* **AVAILABLE DATA**
---+---

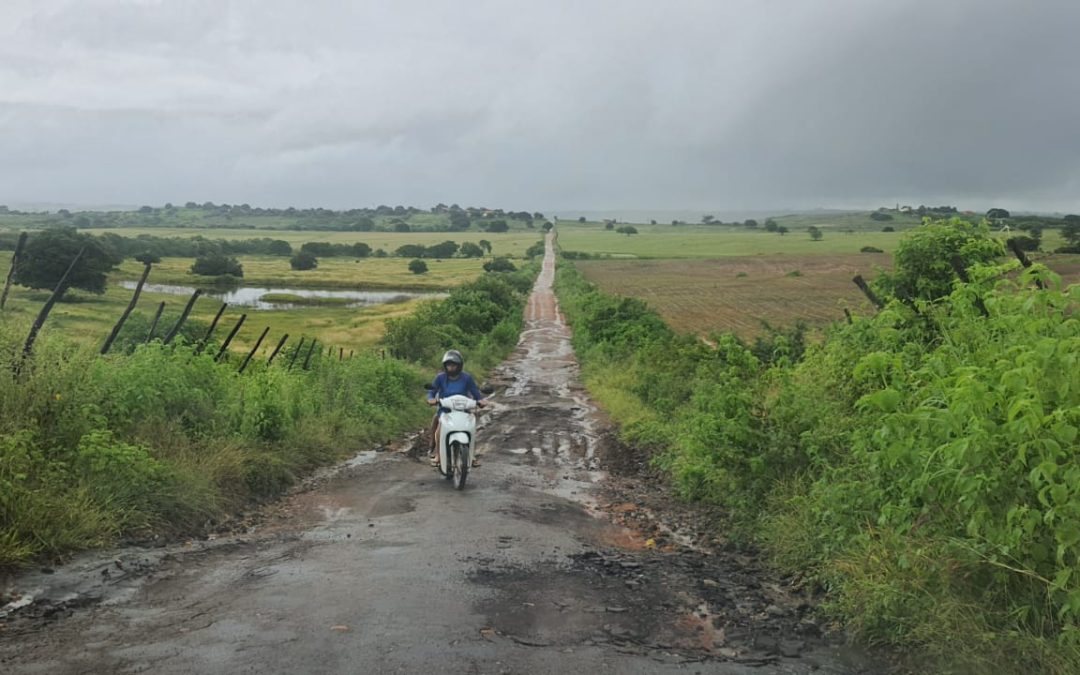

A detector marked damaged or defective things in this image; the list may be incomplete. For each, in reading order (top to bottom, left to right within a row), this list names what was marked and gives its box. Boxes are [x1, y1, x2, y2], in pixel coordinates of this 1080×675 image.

pothole-filled road [0, 234, 884, 675]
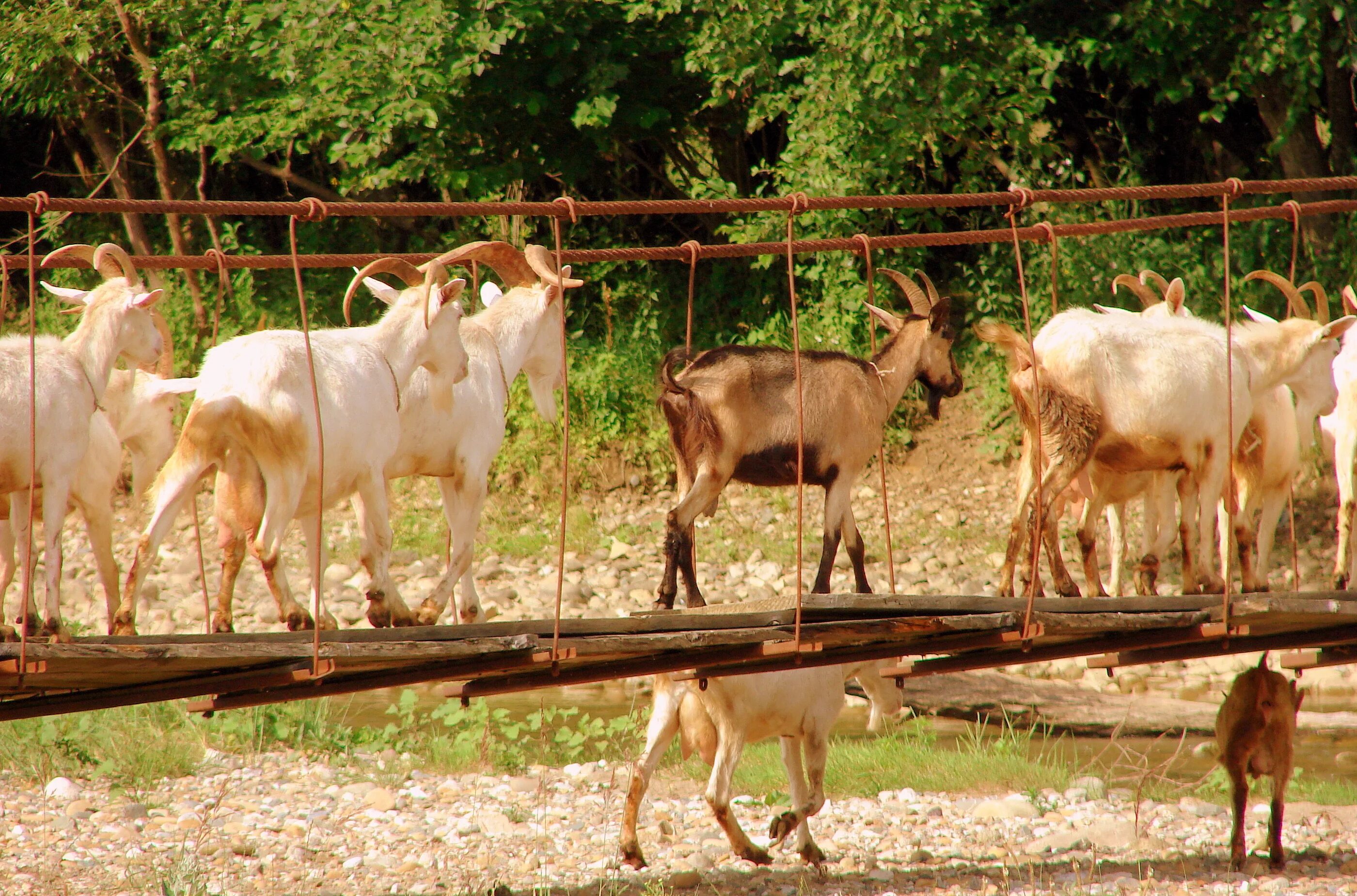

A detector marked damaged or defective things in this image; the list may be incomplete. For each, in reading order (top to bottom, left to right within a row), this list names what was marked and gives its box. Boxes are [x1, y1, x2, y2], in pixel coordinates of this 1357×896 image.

rusty cable [20, 193, 46, 675]
rusty cable [287, 198, 330, 671]
rusty cable [551, 204, 574, 663]
rusty cable [8, 174, 1357, 218]
rusty cable [10, 200, 1357, 273]
rusty cable [783, 193, 806, 651]
rusty cable [853, 233, 896, 593]
rusty cable [1000, 187, 1047, 636]
rusty cable [1217, 180, 1241, 628]
rusty cable [1279, 202, 1303, 593]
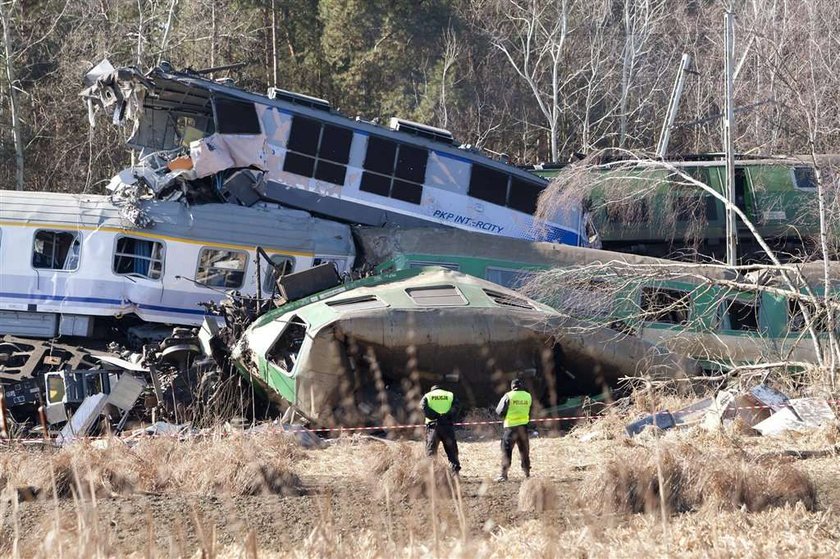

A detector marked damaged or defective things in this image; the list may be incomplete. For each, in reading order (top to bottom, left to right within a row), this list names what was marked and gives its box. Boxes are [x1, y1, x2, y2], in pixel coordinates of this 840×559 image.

broken window [213, 97, 260, 135]
broken window [284, 116, 352, 186]
broken window [360, 136, 426, 206]
broken window [792, 166, 816, 190]
broken window [32, 229, 79, 270]
broken window [112, 236, 163, 280]
broken window [196, 249, 248, 288]
broken window [262, 258, 296, 296]
broken window [324, 296, 388, 312]
broken window [406, 288, 470, 306]
broken window [486, 288, 532, 310]
broken window [640, 288, 692, 324]
broken window [720, 300, 760, 330]
broken window [792, 302, 832, 332]
broken window [266, 318, 308, 374]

---+---

* **WHAT THE TASK ASKS**
Lines from the one with "this 840×559 image." through the last line of the listing above: return these exactly, and nothing else.

* **WRITTEN SOLUTION**
A detector marked damaged or defective things in this image; the list may be incomplete. For each, in reading order (top to bottom, left to right within a row), this list names what was marked and gives its box. Boxes are [x1, y1, x2, y2], in pixel coordinates of this 840×559 image.

broken window [213, 97, 260, 135]
broken window [284, 116, 352, 186]
broken window [360, 136, 426, 206]
broken window [792, 166, 816, 190]
broken window [32, 229, 79, 270]
broken window [112, 236, 163, 280]
broken window [196, 249, 248, 288]
broken window [262, 258, 296, 296]
broken window [324, 296, 388, 312]
broken window [406, 288, 470, 306]
broken window [486, 288, 532, 310]
broken window [640, 288, 692, 324]
broken window [720, 300, 760, 330]
broken window [792, 302, 832, 332]
broken window [266, 318, 308, 374]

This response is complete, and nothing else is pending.